What input datasets are appropriate for Destvi

Hello Destvi devs,

I found Destvi referenced in some high-profile articles and thought it would be an interesting option for a large visium dataset I am processing. This dataset consists of multiple tissue slices that differ in both timepoint, and whether or not they are diseased or not, however I lack a complete single cell reference to accompany it (the single cell data that I do have with matched time points and disease states is limited to one cell type, unfortunately).

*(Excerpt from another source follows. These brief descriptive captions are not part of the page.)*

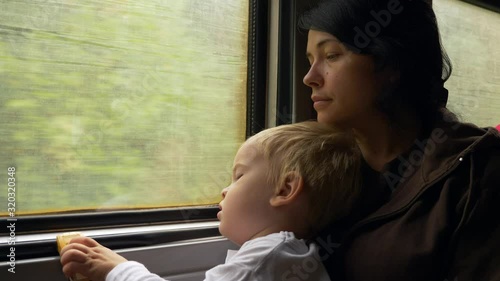 Tired Depressed Young Mother With Child. Poor Refugee Family Traveling by Old Dirty Budget SuburbanTrain. Passenger Carriage photo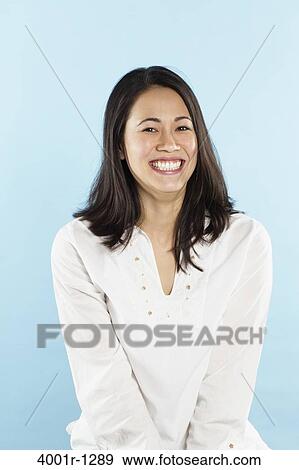 Stock Photo - Portrait of a young woman smiling. Fotosearch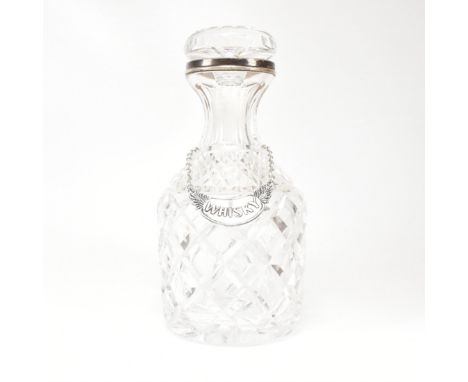 A George VI hallmarked silver collared cut glass decanter. Hallmarked for London, 1936.The decanter having a cut glass stoppe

So, I was wondering if I could run destvi with a healthy/steady-state scRNA reference of the tissue which contains all cell types I would expect in the visium dataset and still expect good performance. The Destvi vignette I saw gave me that impression (seems like a refernce dataset was applied to different treatments), but I wanted to also ask directly. Any advice on proper usage would be highly appreciated.

Sincerely,
Dillon Brownell

Generally, I would be careful with those cross-condition comparisons, whether it is appropriate to use healthy as a reference here solely depends on how strong the effect of the disease is.
If the disease is similar to cross-individual differences (like male-female), it will most likely still work. If for the one cell-type where you have the comparison you see strong differences (meaning cell-types in your definition that are condition specific), it doesn’t make sense to run any deconvolution algorithm that relies on accompanying single cell data. Spaceranger in the current versions offers some deconvolution. However, generally those decomposed factors don’t align well with cell-type information.

hi cane11, thank you for your response,

So, let’s say the effect of the disease was strong, in that case would you advise avoiding deconvolution altogether? Basically I am just wondering whether it is possible to perform cell type specific, cross condition DE using a healthy reference. Is this just a bad idea altogether?

-Dillon

I would say in that case it’s altogether a bad idea. Single cell data for deconvolution needs to match the cells expected in a spatial specimen.
Let’s make a plausible example: CD4 cells can express cytotoxic genes in e.g. chronic infection, if those cells were not present in your heathy single cell data but cytotoxic genes were only expressed in CD8 cells there, you would overestimate the number of CD8 T cells.